Labour / Le Travail
Issue 90 (2022)
Reviews / Comptes rendus
Alessandro Delfanti, The Warehouse: Workers and Robots at Amazon (London: Pluto Press, 2021)
As a key player in today’s era of digital capitalism – “the corporate use of digital technology to maximize the private accumulation of power and money,” (9) Amazon looms large in today’s social, economic, and political landscape. Delfanti’s book offers a rich and timely ethnographic account of the labour process inside Amazon’s warehousing facilities (referred to as “fulfilment centres or ‘fcs” by the e-commerce giant), drawing on interviews conducted primarily in Piacenza, Italy and site visits to warehouses in Canada, among other textual materials. Though primarily set in Piacenza, Delfanti’s description and analysis of the labour process extends across multiple regions and locales where the company operates given the high degree of standardization of work in its facilities. Offering a history from below, each of Delfanti’s six book chapters is ironically titled after Amazon’s slogans: relentless, work hard, have fun, customer obsession, reimagine now, make history.

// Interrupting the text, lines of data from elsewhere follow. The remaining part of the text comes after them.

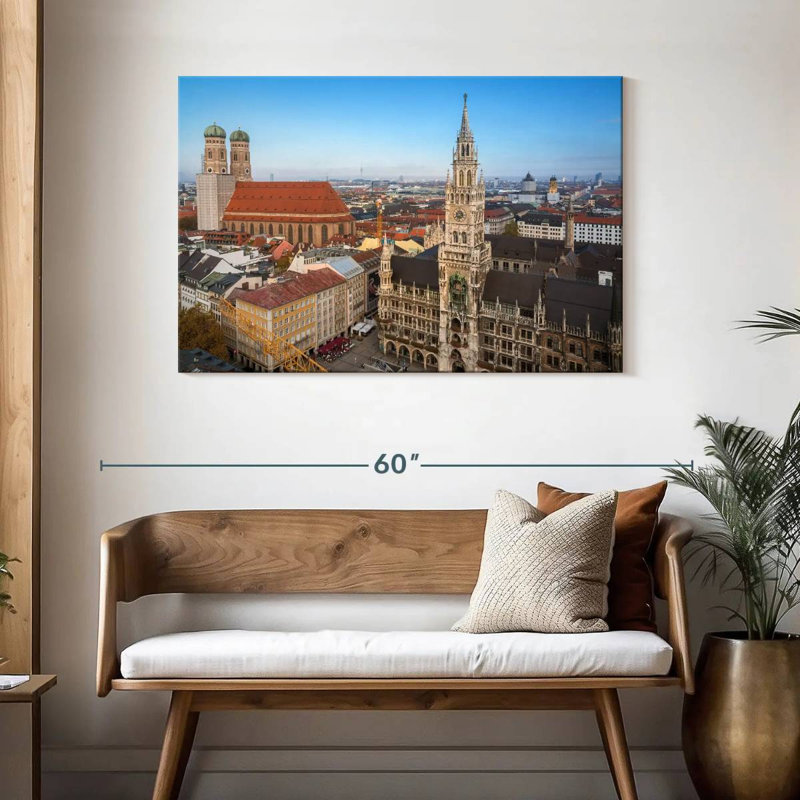 Monstre de la ville de Munich, H 30 po x l 45 po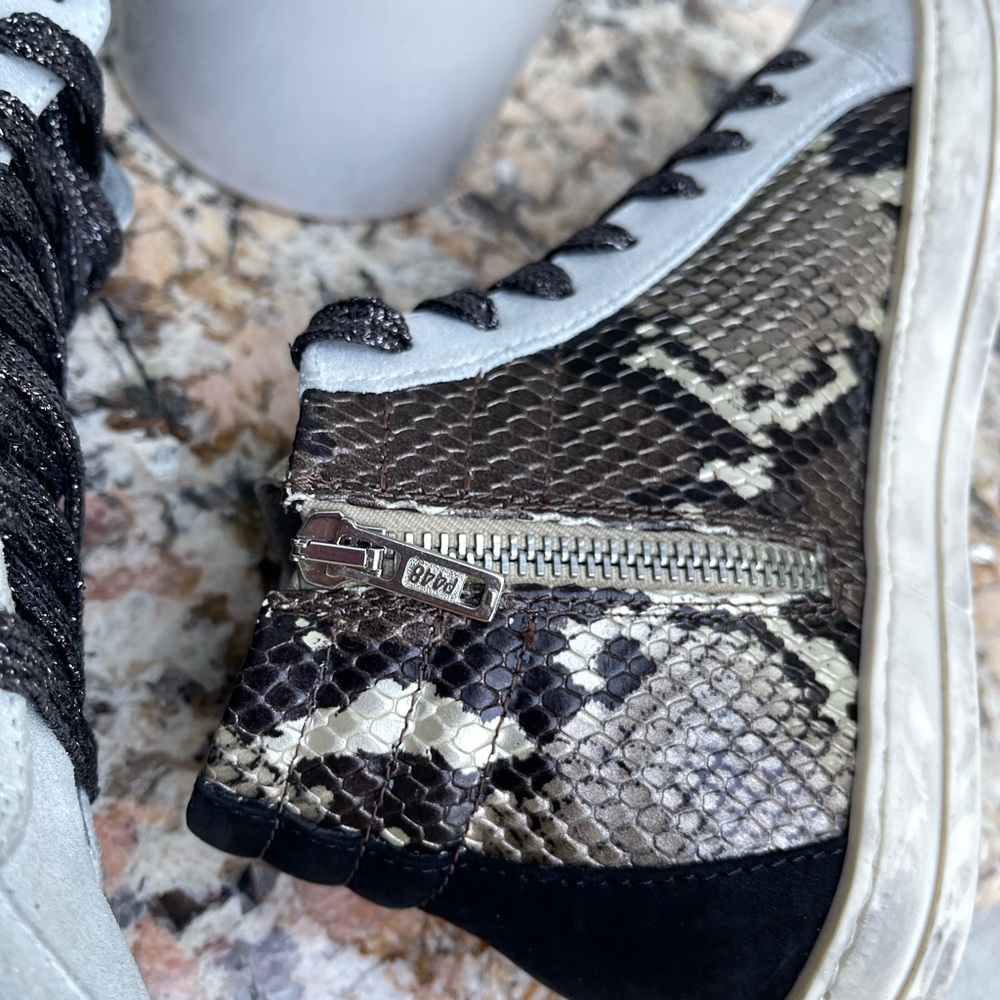 P448 John Side Zip White Snake Python Distressed … - image 6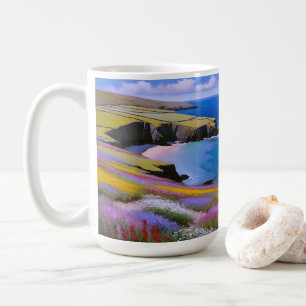 Verdant Cliffs und Azure Waves Kaffeetasse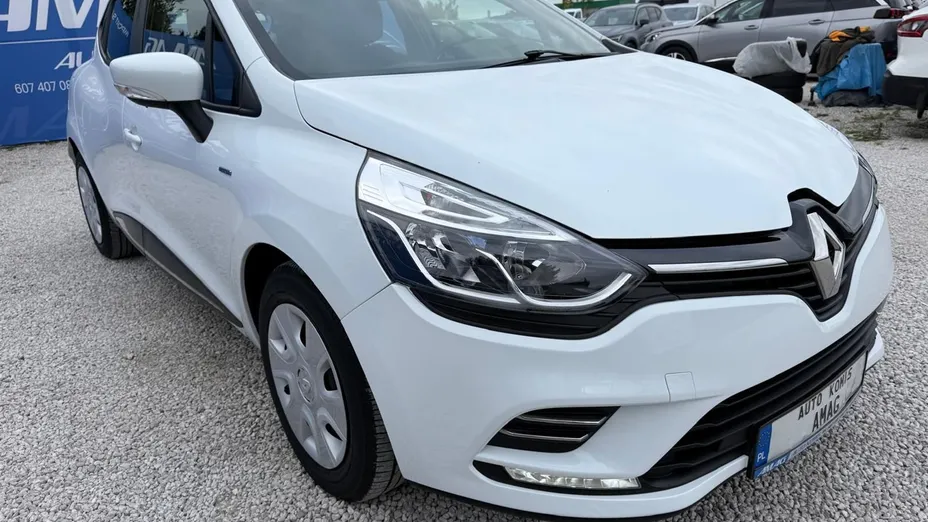 RENAULT Clio -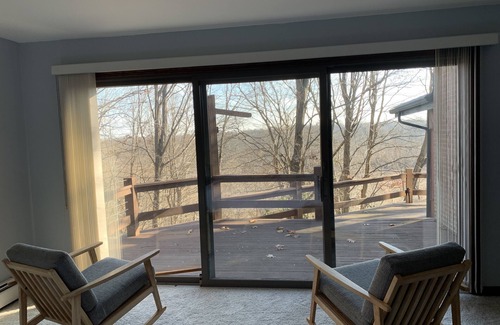 Conneaut House | Creek side retreat and breathtaking views! Moments from hunting and fishing!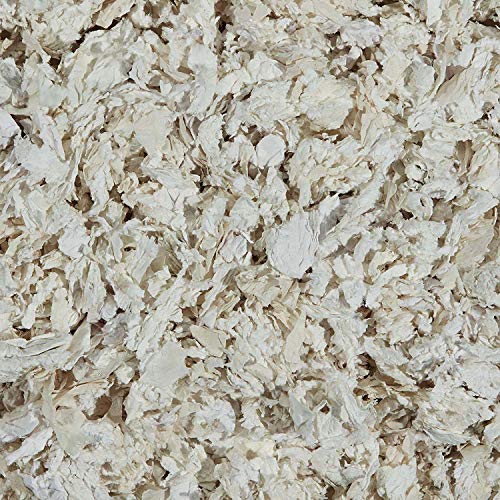 Kaytee Clean & Cozy White Bedding Pet For Guinea Pigs, Rabbits, Hamsters, Gerbils, and Chinchillas, 49.2 Liters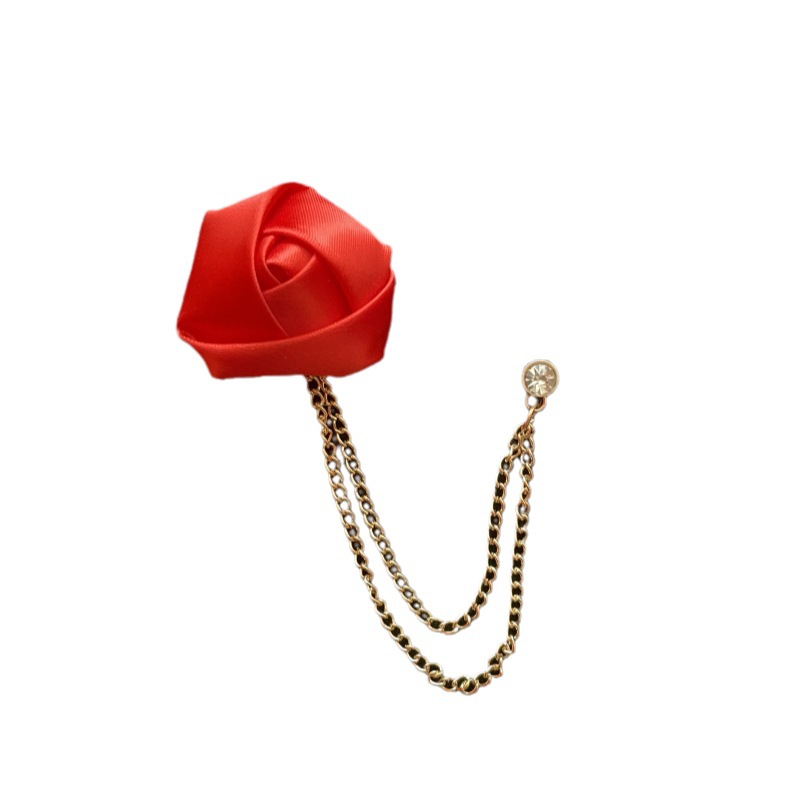Broche de flor de rosa en tela para hombre con borlas boda_voghion.com
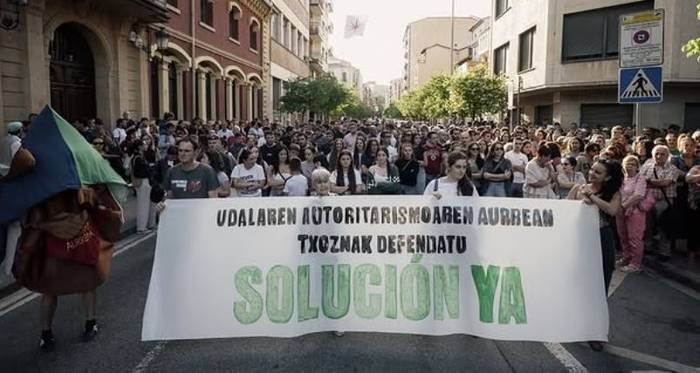 Lizarrako txosnagunea betiko lekura itzul dadin sinadura bilketa oztopatzen ari da UPN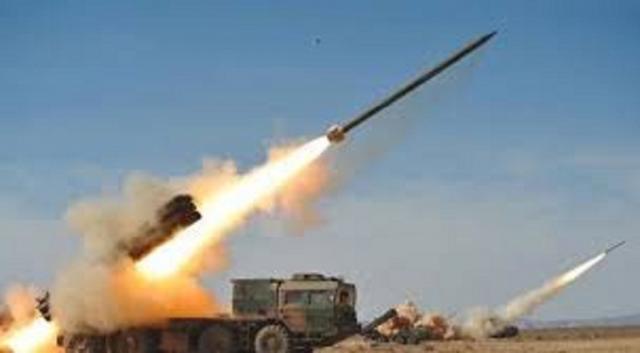 صاروخ باليستي يستهدف تجمعات العدو وآلياته بمعسكر الشاجري في أبين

Grounded in the Italian Marxist tradition of operaismo, Delfanti asserts that despite the relentless pursuit of ever-expanding bottom lines, “it is labor alone that allows a firm like Amazon to exist” (5), hence his focus on the company’s global yet least profitable sector – high-tech warehousing – as the new factory of digital capital. Contrary to corporate dreams of fully automated warehouses and the notion that technology facilitates work, the book’s central argument is that it creates “despotic” workplaces in which workers are subordinated to the algorithmic organization of the labour process, resulting in the intensification of work performed by living labour, making it more precarious, standardized, and dangerous – what he calls “dispossession by machine.” (41)
From Piacenza, Italy to Brampton, Canada, the author underscores the parasitic and rapidly metastasizing presence of Amazon, pointing to the ways in which the company both exploits and (re)makes the geographies in which it operates, from existing transportation infrastructures of logistics hubs, their proximity to wealthy urban markets, overlain atop classed, raced, and gendered inequalities that punctuate and perpetuate its access to cheap labour, increasingly reshaping and further degrading the standards of employment across sectors of work.
Delfanti situates Amazon’s use of digital technology and its impact on labour processes within the long arc of scientific management, wherein “the supervisors’ stopwatches and notebooks are replaced by the digital analysis of data generated from human labor.” (32) This is facilitated by the barcode scanners that warehouse workers use to scan the objects which they stow and pick. The scanner mediates workers’ relations with management and organizes their labour process into individualized tasks, directing them to the locations of commodities within massive warehouses. Importantly, it is the algorithms of the software system that monitor both inventory and make possible the heavy surveillance of workers’ speed and whereabouts. Unlike traditional warehousing work, the “chaotic storage” that places items in random locations in these digitalized warehouses dispossesses workers of the knowledge of where the stuff is, thus making them expendable as “only software can reorder the chaos.” (38) However, it is workers’ physical labour that sustains the ongoing capture of data stored within the algorithms. Compared to conventional Taylorism, “the novelty, in a digital-intensive warehouse like Amazon’s, is that the information generated by workers is algorithmically crunched to make possible and improve the machinic processes” (37) that ultimately control workers.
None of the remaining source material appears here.